Distant Encounters: Canada’s Most Mysterious UFO

Nessie, Area 51, Roswell: names like this define UFO and paranormal lore. This is not a series about them. In Distant Encounters, we tour the strangest, most isolated tales of encounters with the unknown.

August 18th, 1991. West Carleton, Ontario – a rural farming community. Diane Labenek hears the barks of distant dogs across the field. She rises, looks out the window, and one of my favorite UFO cases of all time begins.

Labenek sees fire and lights: red flames and smoke. A UFO flies towards the bright fire. As Labenek watches,  the UFO departs. Ten minutes later, a helicopter flies overhead. She tells no one but her family.

This isn’t the first strange event to happen in West Carleton: in 1989, Labenek and many others report an “intense, bright light” passing overhead towards a nearby swamp, pursued by helicopters. But neither event draws much attention: with Labenek keeping the story to herself, it’s just another UFO sighting, a lone report without any proof to back it up.

The following year, proof arrived.

Six months later, UFO researcher Bob Oechsler received a package from someone identified only as “Guardian”. The anonymous present included a VHS tape and many crudely forged documents and photos of aliens. In short, most of what Guardian sent was easily dismissable bullshit: but the VHS tape proved harder to dismiss.

The tape corroborates Labenek’s 1991 sighting almost exactly, down to the barking dogs in the background. Seemingly filmed from the other side of the field, you can see the flares in the field, and the shining lights of a large, distinct UFO. Oechsler, who didn’t know about Labenek’s sighting, couldn’t have known that this wasn’t Guardian’s first enigmatic message.

After the 1989 sighting, researcher Tom Theofanous of the Canadian UFO Research Network received a package from Guardian alleging a UFO crash near West Carleton. With nothing but photo-copied photos of fake aliens as “proof”, researchers who toured West Carleton discovered little else, bar reports of a strange lights from a local couple, a rancher – and Diane Labenek. They safely classified Guardian’s first message as a hoax.

In 1992, researchers weren’t so willing to dismiss Guardian.

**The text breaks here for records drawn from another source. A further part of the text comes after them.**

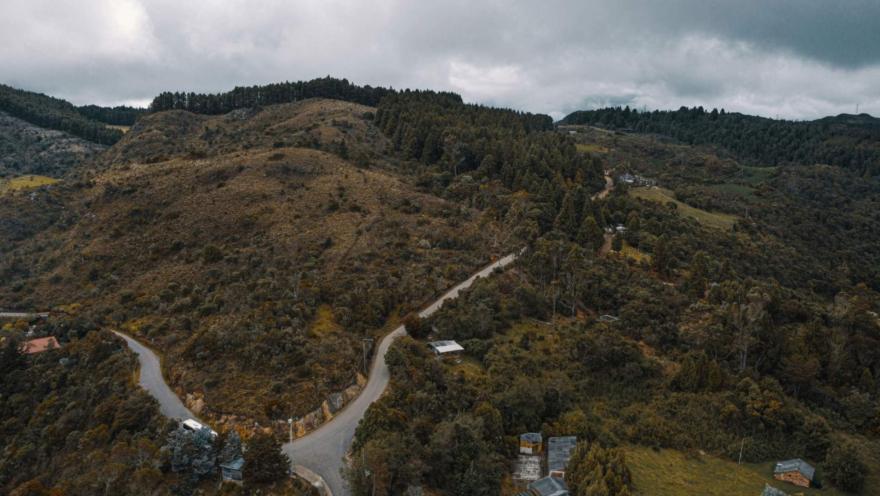 Páramo El Verjón con primer plano de cima de montaña tomada desde dron y que rodeada de árboles la atraviesa una carretera vacía.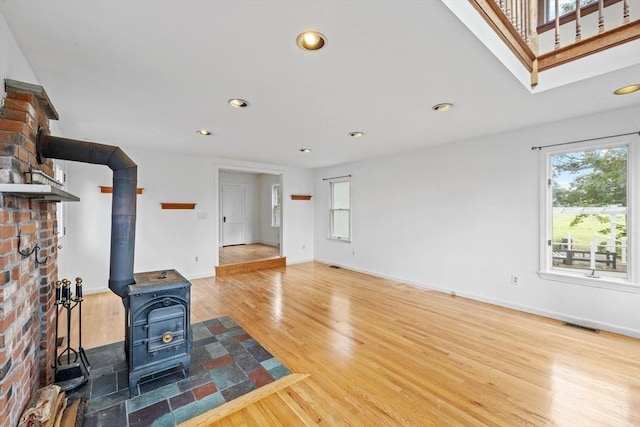 94 Clinton Rd, Weymouth, MA 02189 - unfurnished living room with a wood stove, wood finished floors, and recessed lighting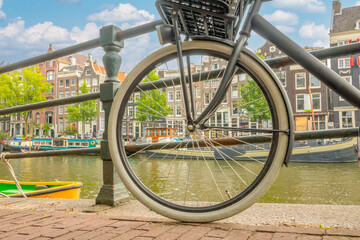 Amsterdam Canal Embankment and Bicycle Wheel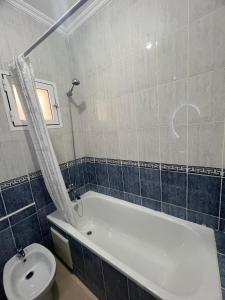 a bathroom with a bath tub and a toilet at Yousa Home & pool in Gzennaïa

Oeschler and Graham Lightfoot visited West Carleton and, along the way, Labenek. Having no knowledge of her story, they were stunned to discover that it matched the video nearly exactly. Perhaps this would be a rarity – a UFO case with genuine proof?

Yet the investigation was far from smooth. According to MUFON Ontario, Oeschler’s inexperience showed:

[Oechsler] pointed to vegetation that had “been treated with microwave radiation”! How did he come to that conclusion without using any instruments?

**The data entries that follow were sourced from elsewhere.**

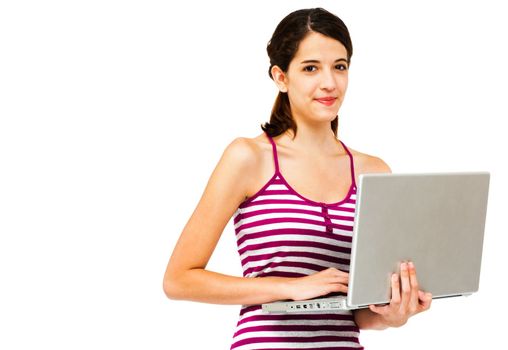 Portrait of a woman using a laptop and smiling isolated over white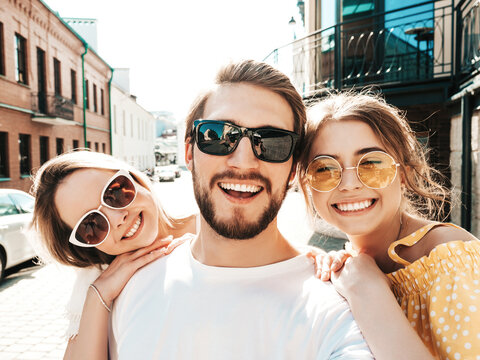 Group of young three stylish friends in the street.Man and two cute female dressed in casual summer clothes.Smiling models having fun in sunglasses.Women and guy making photo selfie on smartphone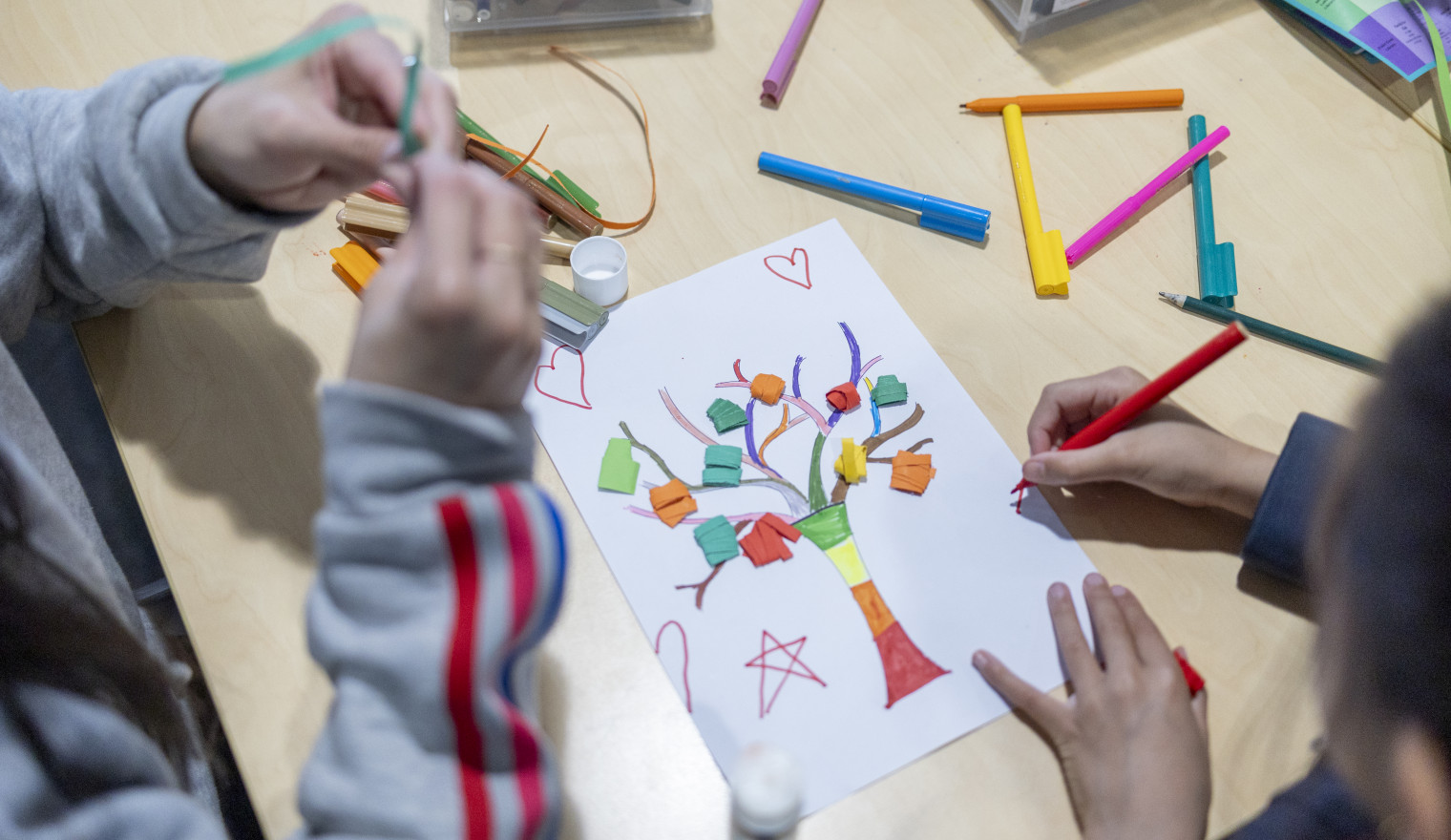 Overhead view of children completing a craft activity at the library.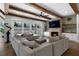 Beautiful living room featuring wooden beams, a brick fireplace, and sliding glass doors to the backyard at 120 Farm Gate Dr, Woodstock, GA 30188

“It’s very dry and brittle, so it’s obviously been irradiated” Oechsler said.

The ‘irradiated’ plants were Juniper bushes that always look that way after a Canadian winter – bleached, dried and flattened by heavy snow, probably in much the same way as in Maryland, Oechsler’s home-state.

Some residents of West Carleton, apparently unaware of the threat posed by the alien-irradiated juniper bushes in their midst, took note of an unusually high number of helicopters flying overhead – black, green, and maroon helicopters, with tinted windows for that paranoid-90s flair.

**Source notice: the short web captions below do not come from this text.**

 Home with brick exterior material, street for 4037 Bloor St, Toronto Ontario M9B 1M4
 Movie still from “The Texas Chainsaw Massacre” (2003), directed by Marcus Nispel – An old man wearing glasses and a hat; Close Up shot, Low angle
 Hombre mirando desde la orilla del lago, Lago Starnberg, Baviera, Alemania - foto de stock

Seeking to “flush out Guardian” – a purely selfless motive I absolutely believe – Oeschler managed to wrangle a story about the case on Unsolved Mysteries. Before their investigation was even complete, it also managed to make an appearance on Sightings, winning the prestigious dubious-90s-paranormal-show double. The investigation also drew in Bruce Maccabee, the famed MUFON researcher who would later think a mouse light in a room was a UFO.

By 1993, researchers had concluded that the Guardian case was likely a hoax. With everything else in the package a proven forgery, why not the video? Claims that it was too large, and too silent to be faked weren’t terribly convincing. Guardian went from one of the most exciting UFO cases in history to an embarrassment UFOologists would rather leave behind them. In 1994, Oeschler, the researcher who drove the case from the beginning retired from UFOology.

Guardian is a strange, beautiful mess. The VHS-quality video is oddly mesmerizing, with its blurred lights in the darkness. The tale of its investigation, meanwhile, is a trainwreck. Most probably, the video itself was a hoax, a simple case of lights on a truck. But there’s something so magically X-Files-y about the idea of an enigmatic, anonymous source leaking proof of UFOs to intrepid researchers, of a person keeping a strange event to themselves for fear of ridicule only to receive proof their experience was valid. Guardian burnt bright and it burnt fast. Among the shadowy-conspiracy genre of UFO sighting, Guardian is maybe the most archetypal one there is.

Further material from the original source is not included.